We call the method of an object by following its name with a period. 

In [None]:
book.title() # the title method capitalizes words in a string as if the string were the title, e.g., of a book

You can see the methods and properties of an object by calling the `dir` function on it.

In [None]:
dir(book)

Notice that everything in Python is an object.

In [None]:
type("Oh I wonder what kind of object I am")

In [None]:
type(4)

In [None]:
type(str) # meta

In [None]:
type(type) # uber-meta

Okay, that's enough preliminary stuff. Let's do some actual coding.

# Literary fiction interlude:

Your name is Lalama Evans, half-Hawaiian, former server at Ruby Tuesdays, and currently a psychology graduate student at the Metropolitan University of Fruitville, Florida.

Your advisor, who shall remain nameless, looks exactly like the advisor in Ph.D. comics.

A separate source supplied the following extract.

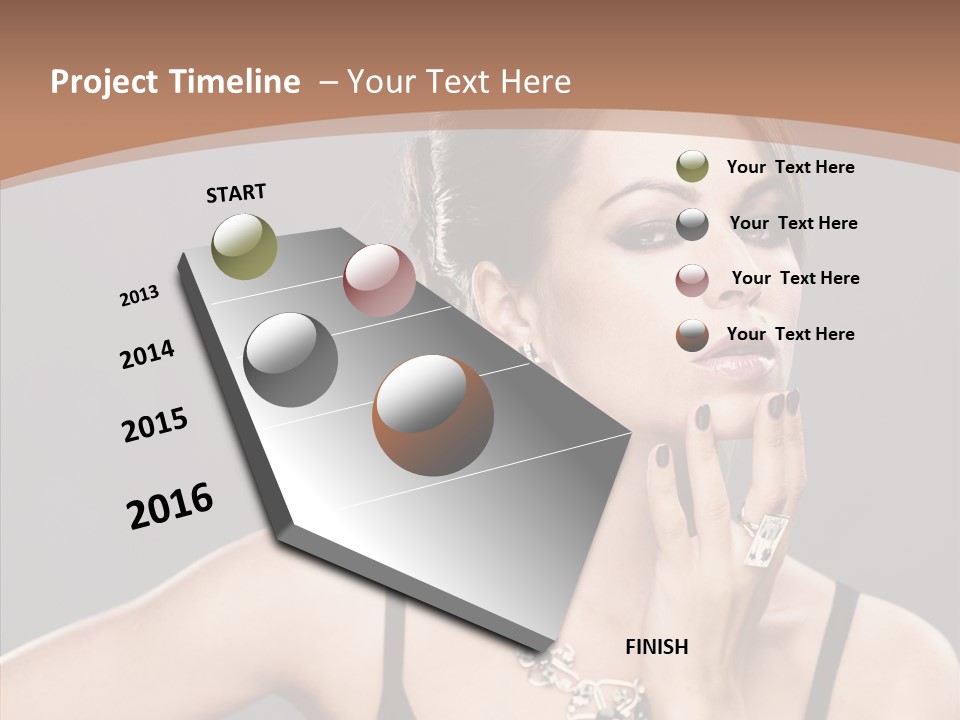 Sensuality Bright Beauty PowerPoint Template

He wants your project to involve the neurotransmitter serotonin, mainly because he finds it really interesting that this amine is also found in plants, and he rambles on about it constantly. Especially at departmental mixers. Especially if he has had too much wine.

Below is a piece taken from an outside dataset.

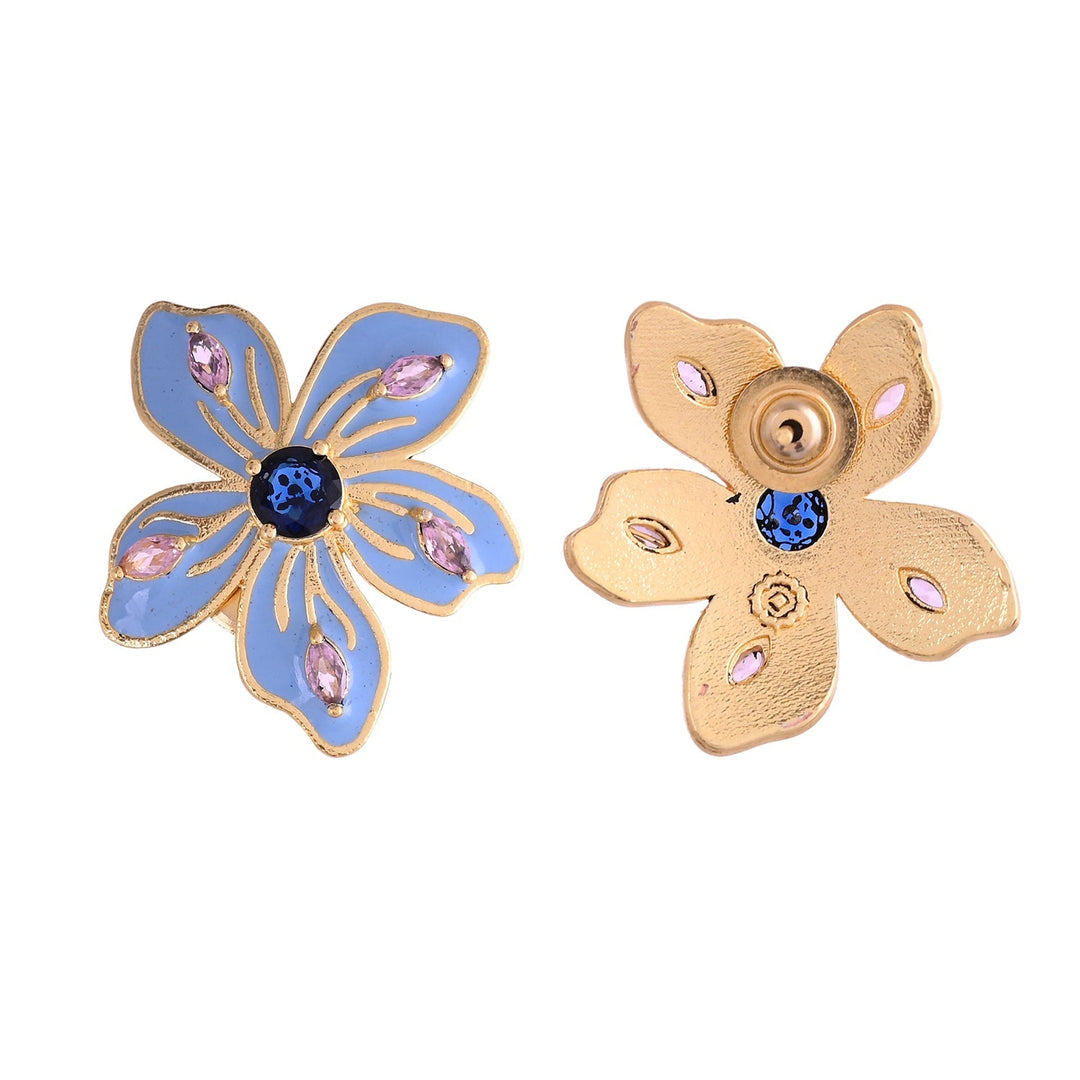 Flower Fantasy Azure Spring Blossom Studs  | SHOBITAM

You on the other hand would like your project to be about something useful that will help you get a job after grad school.

So you compromise: you'll study something useful that happens to involve serotonin.

You are also a bit of a hacker, because you went out with this guy for a while that worked in I.T. He had to go, because he did things like eat breakfast burritos in the shower so he could be more "efficient". But you put the script-writing skills that he helped you learn to work as you try to figure out what your project will be.

You figure that you are probably going to study serotonin in some strains of mice, so you go to the Jackson labs website, where they have a ton of data about different strains.

A lot of the data is in files that have the _comma-separated value_ format, or csv files for short. You start by downloading a csv file that has information about serotonin receptor levels in the brains of different mouse strains.

#  Parsing a csv file, part 1

In [None]:
import urllib.request
import csv

url_for_file = "http://phenome.jax.org/tmp/Wiltshire3_means.csv"
with urllib.request.urlopen(url_for_file) as response:
   csv_file = response.read().decode('utf-8')

reader = csv.reader(csv_file, delimiter=',')
parsed_file = list(reader)

### So what did we just do?

first we `import`ed two modules (sets of functions).

You can `import` wherever you want in a script, but it is considered good form to put your list of `import` statements at the top.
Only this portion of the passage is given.